━━━ Exercise data

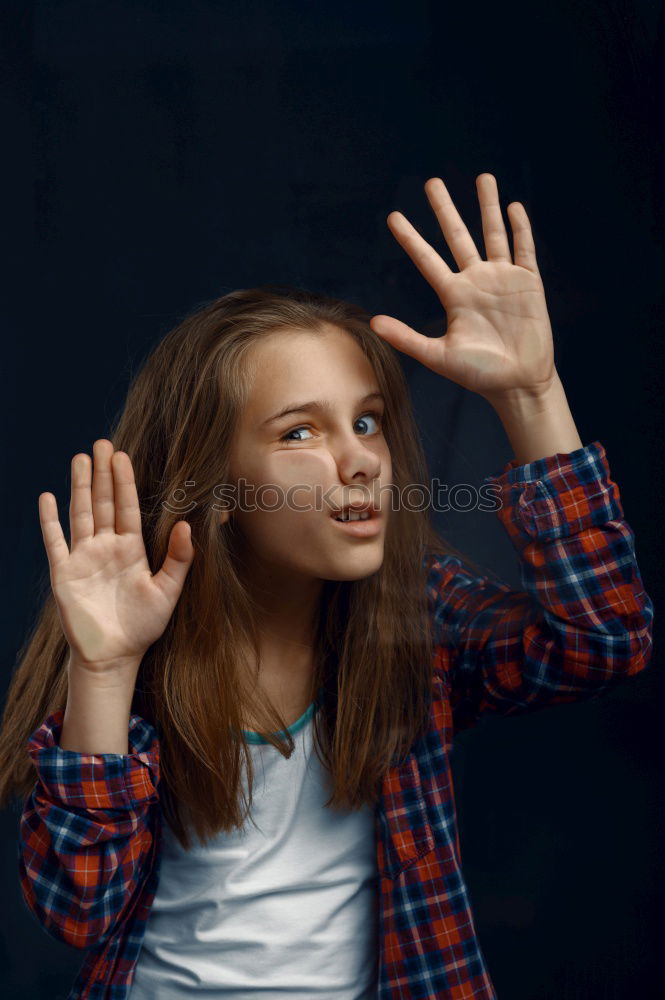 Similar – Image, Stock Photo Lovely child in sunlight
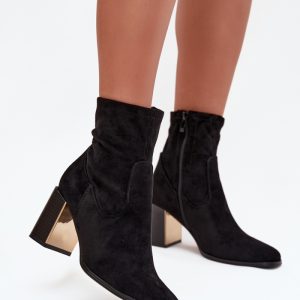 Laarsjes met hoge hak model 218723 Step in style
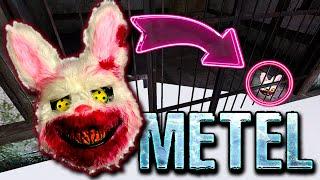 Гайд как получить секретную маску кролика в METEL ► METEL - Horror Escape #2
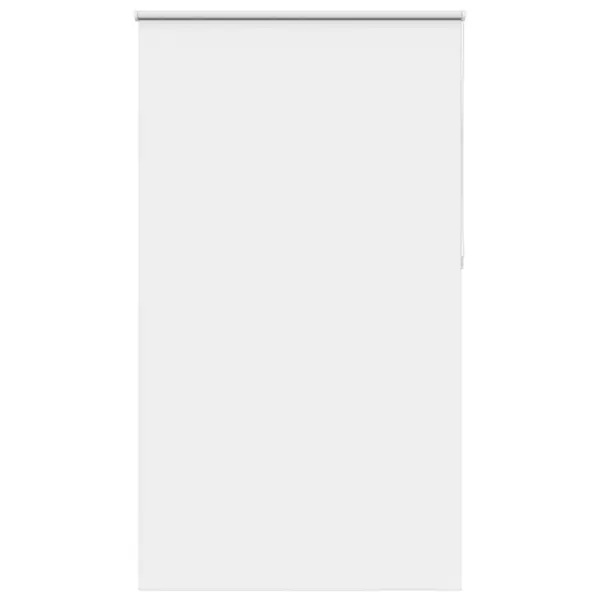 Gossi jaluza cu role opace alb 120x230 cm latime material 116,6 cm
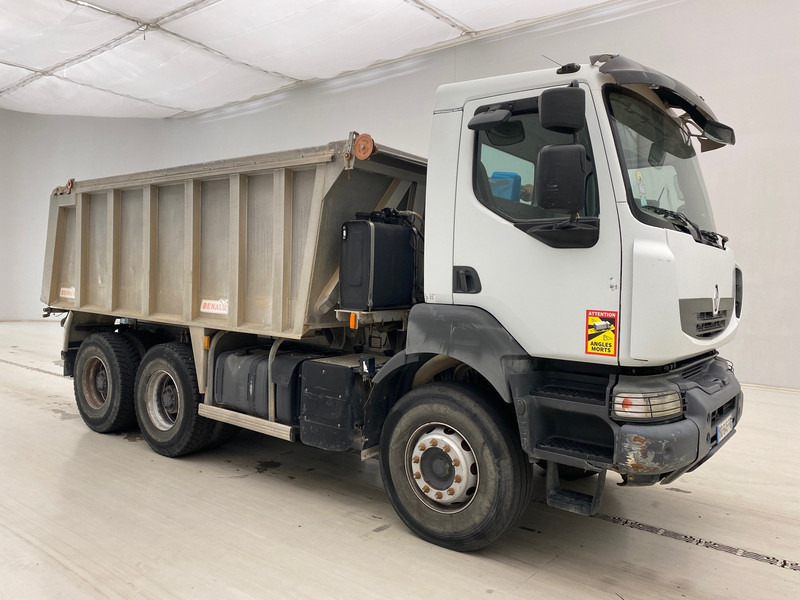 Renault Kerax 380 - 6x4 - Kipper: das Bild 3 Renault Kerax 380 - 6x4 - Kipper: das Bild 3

━━━━━━

Directions:
Where a line contains "Laarsjes met hoge", begin there and set down exactly each line through the end of the data above, omitting any pictures.

Answer area:
 Laarsjes met hoge hak model 218723 Step in style
 Гайд как получить секретную маску кролика в METEL ► METEL - Horror Escape #2
 Gossi jaluza cu role opace alb 120x230 cm latime material 116,6 cm
 Renault Kerax 380 - 6x4 - Kipper: das Bild 3 Renault Kerax 380 - 6x4 - Kipper: das Bild 3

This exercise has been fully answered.